• [What you will do]:
Beginning with the first line of the data below, reproduce every line unchanged, ending with the line that holds "Stylische Damenjacke Cropped".

• [Data under study]:
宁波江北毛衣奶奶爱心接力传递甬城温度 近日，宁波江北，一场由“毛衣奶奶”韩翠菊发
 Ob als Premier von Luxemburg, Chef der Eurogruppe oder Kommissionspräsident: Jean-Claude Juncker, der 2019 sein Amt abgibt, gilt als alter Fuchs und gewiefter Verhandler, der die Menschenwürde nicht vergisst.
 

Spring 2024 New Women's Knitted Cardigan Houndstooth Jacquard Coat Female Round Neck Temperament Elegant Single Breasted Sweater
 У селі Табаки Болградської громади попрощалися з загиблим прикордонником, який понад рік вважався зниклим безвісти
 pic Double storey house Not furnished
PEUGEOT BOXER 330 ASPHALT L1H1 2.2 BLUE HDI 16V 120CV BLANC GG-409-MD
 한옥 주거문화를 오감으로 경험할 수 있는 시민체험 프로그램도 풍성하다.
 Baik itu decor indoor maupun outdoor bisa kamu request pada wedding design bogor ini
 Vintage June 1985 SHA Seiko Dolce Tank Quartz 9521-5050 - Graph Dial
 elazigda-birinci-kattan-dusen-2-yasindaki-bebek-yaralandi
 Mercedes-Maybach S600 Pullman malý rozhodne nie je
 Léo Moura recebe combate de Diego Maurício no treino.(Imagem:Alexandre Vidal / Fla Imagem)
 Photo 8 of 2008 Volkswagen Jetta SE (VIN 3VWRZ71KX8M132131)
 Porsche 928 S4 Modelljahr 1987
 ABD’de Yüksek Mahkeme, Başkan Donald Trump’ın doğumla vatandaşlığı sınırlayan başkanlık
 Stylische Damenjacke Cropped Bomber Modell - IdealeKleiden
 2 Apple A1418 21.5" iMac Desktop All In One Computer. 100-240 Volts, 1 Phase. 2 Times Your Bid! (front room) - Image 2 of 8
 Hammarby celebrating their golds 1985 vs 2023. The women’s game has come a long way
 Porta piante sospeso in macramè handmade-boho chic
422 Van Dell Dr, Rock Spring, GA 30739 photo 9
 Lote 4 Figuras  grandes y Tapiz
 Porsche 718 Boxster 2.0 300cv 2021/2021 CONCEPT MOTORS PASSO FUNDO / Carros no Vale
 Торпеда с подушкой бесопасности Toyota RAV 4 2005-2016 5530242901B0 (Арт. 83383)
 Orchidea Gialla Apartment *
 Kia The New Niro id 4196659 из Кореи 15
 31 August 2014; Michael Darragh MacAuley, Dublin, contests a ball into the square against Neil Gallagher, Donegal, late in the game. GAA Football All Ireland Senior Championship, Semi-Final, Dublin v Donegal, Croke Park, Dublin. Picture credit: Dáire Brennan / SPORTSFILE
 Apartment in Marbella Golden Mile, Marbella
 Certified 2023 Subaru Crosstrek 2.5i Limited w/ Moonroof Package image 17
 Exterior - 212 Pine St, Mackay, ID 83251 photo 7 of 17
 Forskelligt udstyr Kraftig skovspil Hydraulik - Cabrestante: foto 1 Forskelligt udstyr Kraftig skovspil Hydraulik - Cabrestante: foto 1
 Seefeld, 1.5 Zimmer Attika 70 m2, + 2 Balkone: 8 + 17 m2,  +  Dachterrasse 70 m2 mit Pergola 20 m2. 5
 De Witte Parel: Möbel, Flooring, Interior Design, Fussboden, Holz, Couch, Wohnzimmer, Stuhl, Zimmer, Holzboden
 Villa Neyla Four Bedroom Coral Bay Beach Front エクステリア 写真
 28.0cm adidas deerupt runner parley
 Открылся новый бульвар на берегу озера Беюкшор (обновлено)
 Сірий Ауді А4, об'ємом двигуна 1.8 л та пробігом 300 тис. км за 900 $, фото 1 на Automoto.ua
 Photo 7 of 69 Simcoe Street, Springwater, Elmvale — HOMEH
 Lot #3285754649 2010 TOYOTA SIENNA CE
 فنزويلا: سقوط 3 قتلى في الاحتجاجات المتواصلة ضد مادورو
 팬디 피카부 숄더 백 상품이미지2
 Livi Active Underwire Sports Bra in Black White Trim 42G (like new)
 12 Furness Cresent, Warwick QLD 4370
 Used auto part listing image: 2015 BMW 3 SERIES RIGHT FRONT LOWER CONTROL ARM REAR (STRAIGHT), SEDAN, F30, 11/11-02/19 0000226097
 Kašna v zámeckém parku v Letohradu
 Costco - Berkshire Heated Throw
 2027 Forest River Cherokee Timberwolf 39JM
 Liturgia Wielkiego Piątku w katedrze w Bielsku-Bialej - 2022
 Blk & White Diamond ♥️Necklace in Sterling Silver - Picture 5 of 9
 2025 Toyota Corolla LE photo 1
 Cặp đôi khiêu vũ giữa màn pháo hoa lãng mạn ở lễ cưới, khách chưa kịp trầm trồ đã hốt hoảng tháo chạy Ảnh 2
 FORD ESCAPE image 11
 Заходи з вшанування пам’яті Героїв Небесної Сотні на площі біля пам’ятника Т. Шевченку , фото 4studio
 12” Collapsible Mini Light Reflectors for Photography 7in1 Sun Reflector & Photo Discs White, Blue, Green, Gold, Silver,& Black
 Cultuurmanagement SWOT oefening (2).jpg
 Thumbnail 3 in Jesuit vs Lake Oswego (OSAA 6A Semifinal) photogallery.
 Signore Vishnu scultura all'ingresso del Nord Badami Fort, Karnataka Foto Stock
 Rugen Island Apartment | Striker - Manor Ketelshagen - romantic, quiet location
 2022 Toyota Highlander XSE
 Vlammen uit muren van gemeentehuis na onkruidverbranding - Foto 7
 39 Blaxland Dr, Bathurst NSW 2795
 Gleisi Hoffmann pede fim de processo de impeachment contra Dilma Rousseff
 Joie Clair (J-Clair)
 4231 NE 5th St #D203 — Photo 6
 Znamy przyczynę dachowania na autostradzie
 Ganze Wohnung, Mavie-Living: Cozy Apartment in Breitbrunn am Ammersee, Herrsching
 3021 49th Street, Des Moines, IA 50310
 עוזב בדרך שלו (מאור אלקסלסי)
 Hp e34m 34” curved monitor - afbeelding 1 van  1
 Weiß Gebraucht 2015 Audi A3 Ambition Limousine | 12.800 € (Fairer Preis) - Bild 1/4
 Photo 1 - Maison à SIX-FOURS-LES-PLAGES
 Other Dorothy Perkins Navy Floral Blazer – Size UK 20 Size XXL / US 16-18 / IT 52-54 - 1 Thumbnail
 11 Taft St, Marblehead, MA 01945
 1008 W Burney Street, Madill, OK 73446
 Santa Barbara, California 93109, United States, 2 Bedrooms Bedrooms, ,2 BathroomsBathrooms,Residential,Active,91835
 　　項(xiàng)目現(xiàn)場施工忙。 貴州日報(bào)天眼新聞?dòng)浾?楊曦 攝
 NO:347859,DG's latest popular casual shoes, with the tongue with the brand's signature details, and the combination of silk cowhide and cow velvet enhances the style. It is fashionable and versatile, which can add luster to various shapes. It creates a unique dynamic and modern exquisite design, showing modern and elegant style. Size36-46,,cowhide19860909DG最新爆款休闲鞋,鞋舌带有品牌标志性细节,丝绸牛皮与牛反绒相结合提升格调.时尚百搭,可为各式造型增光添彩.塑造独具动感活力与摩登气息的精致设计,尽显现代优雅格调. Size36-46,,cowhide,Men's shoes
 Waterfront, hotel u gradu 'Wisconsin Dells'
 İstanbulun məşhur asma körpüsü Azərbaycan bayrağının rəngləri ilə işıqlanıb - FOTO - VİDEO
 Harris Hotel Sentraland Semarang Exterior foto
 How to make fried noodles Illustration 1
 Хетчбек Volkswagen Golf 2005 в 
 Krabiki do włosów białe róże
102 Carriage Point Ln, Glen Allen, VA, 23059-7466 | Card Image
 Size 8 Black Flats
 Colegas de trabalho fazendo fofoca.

• [Answer space]:
宁波江北毛衣奶奶爱心接力传递甬城温度 近日，宁波江北，一场由“毛衣奶奶”韩翠菊发
 Ob als Premier von Luxemburg, Chef der Eurogruppe oder Kommissionspräsident: Jean-Claude Juncker, der 2019 sein Amt abgibt, gilt als alter Fuchs und gewiefter Verhandler, der die Menschenwürde nicht vergisst.
 

Spring 2024 New Women's Knitted Cardigan Houndstooth Jacquard Coat Female Round Neck Temperament Elegant Single Breasted Sweater
 У селі Табаки Болградської громади попрощалися з загиблим прикордонником, який понад рік вважався зниклим безвісти
 pic Double storey house Not furnished
PEUGEOT BOXER 330 ASPHALT L1H1 2.2 BLUE HDI 16V 120CV BLANC GG-409-MD
 한옥 주거문화를 오감으로 경험할 수 있는 시민체험 프로그램도 풍성하다.
 Baik itu decor indoor maupun outdoor bisa kamu request pada wedding design bogor ini
 Vintage June 1985 SHA Seiko Dolce Tank Quartz 9521-5050 - Graph Dial
 elazigda-birinci-kattan-dusen-2-yasindaki-bebek-yaralandi
 Mercedes-Maybach S600 Pullman malý rozhodne nie je
 Léo Moura recebe combate de Diego Maurício no treino.(Imagem:Alexandre Vidal / Fla Imagem)
 Photo 8 of 2008 Volkswagen Jetta SE (VIN 3VWRZ71KX8M132131)
 Porsche 928 S4 Modelljahr 1987
 ABD’de Yüksek Mahkeme, Başkan Donald Trump’ın doğumla vatandaşlığı sınırlayan başkanlık
 Stylische Damenjacke Cropped Bomber Modell - IdealeKleiden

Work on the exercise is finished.